[[ Listed entries open ]]

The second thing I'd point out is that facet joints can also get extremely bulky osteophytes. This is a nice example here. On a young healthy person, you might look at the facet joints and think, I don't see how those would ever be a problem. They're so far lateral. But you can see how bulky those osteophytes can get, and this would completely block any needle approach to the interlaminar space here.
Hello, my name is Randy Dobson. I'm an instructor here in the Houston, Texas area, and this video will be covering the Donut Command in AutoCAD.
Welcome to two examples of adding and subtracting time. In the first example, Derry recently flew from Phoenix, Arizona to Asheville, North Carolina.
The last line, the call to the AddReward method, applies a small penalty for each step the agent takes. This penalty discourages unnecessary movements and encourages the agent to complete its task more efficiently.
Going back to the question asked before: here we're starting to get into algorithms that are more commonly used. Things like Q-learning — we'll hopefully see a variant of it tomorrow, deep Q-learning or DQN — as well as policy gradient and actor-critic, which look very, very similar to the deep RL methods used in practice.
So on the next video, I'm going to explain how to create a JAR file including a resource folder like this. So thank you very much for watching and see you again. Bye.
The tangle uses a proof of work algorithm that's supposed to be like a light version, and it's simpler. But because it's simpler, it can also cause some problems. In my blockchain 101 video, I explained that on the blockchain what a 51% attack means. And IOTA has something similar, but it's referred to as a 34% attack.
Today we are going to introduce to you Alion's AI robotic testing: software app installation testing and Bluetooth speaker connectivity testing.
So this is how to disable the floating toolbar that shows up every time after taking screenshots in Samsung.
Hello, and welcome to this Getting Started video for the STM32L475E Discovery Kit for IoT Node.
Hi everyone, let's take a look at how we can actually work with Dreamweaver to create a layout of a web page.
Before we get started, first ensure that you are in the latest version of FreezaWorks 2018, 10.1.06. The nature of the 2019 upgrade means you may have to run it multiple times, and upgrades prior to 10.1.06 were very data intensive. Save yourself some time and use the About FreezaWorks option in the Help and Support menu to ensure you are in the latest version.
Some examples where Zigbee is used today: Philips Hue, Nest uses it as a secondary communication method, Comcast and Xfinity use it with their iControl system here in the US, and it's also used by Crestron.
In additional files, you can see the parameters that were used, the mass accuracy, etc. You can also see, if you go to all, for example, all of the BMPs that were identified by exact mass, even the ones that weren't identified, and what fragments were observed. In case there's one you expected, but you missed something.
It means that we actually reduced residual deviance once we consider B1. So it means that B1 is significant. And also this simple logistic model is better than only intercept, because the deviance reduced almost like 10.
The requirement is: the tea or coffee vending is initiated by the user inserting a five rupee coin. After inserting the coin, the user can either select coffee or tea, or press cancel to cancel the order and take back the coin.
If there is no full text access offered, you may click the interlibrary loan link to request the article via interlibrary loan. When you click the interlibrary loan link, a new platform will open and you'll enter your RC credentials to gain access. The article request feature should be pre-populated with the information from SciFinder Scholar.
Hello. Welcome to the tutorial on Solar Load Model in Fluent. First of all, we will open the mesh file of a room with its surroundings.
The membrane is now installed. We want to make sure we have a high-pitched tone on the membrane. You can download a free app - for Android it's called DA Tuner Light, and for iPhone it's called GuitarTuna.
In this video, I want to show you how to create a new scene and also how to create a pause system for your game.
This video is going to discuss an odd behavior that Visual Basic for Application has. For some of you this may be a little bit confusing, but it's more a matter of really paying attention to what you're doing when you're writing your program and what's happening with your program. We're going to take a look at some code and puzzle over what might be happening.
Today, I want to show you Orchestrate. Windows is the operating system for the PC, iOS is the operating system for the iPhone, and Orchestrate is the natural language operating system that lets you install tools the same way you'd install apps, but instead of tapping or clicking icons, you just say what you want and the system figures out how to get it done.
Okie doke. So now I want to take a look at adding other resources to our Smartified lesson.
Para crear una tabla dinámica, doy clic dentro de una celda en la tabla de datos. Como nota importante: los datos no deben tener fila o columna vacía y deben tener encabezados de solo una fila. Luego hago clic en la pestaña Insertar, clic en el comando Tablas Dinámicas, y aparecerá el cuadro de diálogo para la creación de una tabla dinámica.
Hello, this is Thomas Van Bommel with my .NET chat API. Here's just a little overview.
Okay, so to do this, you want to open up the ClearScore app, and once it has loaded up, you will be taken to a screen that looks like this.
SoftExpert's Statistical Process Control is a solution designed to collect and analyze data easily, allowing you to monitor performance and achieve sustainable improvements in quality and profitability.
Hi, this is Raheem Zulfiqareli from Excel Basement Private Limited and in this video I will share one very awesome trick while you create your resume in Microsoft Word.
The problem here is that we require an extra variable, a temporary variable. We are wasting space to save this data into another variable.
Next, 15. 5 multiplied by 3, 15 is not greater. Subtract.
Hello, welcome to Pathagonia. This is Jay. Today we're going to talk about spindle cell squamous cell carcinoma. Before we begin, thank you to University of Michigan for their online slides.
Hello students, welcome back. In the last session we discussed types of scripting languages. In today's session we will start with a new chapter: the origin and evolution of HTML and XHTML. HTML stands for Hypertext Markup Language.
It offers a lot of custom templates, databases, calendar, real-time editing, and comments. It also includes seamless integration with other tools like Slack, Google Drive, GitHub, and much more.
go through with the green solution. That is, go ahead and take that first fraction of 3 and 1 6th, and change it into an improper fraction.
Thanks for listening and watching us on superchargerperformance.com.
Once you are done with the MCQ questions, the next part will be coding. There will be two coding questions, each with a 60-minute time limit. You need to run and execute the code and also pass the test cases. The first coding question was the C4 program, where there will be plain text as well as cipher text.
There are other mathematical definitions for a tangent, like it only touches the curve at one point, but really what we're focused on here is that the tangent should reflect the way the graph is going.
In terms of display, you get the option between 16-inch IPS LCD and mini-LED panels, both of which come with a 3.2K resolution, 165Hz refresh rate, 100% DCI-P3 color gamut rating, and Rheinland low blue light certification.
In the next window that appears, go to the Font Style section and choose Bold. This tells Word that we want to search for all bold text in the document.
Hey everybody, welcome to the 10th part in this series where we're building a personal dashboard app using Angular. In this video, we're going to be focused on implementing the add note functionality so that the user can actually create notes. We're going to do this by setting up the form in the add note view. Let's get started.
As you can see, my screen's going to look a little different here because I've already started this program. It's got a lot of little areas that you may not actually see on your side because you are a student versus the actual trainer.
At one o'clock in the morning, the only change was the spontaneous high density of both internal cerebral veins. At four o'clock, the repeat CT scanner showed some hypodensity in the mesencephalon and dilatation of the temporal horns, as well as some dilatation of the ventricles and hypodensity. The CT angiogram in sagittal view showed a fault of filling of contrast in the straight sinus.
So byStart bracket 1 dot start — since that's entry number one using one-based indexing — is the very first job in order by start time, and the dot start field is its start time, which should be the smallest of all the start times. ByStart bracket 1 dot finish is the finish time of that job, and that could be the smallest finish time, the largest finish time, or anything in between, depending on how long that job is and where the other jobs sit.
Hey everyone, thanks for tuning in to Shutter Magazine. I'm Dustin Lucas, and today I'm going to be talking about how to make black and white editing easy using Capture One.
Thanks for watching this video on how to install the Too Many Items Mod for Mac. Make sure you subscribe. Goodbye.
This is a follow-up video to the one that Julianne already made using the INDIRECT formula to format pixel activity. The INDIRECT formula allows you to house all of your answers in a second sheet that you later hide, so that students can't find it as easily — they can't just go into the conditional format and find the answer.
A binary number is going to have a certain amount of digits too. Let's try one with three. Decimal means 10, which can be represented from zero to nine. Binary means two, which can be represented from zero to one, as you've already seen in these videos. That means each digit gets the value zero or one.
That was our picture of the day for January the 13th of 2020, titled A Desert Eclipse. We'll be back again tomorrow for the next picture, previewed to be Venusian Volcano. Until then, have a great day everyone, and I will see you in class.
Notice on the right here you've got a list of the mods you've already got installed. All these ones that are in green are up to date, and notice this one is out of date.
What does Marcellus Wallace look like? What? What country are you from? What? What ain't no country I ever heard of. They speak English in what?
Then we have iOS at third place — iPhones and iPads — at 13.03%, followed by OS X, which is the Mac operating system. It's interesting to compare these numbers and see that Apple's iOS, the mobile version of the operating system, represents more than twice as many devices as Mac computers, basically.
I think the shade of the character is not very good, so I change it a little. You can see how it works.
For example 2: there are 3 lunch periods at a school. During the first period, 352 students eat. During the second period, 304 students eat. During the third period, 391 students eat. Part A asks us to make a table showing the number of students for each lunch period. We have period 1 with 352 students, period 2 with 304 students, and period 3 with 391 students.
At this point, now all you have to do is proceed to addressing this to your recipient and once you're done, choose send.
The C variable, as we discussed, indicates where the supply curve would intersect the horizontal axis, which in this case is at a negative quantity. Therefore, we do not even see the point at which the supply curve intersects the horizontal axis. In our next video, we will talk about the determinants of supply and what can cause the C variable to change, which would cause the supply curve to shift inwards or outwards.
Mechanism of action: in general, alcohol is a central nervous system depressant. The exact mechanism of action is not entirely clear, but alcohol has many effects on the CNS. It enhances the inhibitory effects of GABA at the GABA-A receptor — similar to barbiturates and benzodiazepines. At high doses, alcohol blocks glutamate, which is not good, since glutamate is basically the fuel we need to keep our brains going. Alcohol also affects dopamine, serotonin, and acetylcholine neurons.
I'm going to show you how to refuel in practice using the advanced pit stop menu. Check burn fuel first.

[[ Listed entries closed ]]

## Directions
Say how many lines above contain the string "Word", writing only the number.

## Solution to this problem
2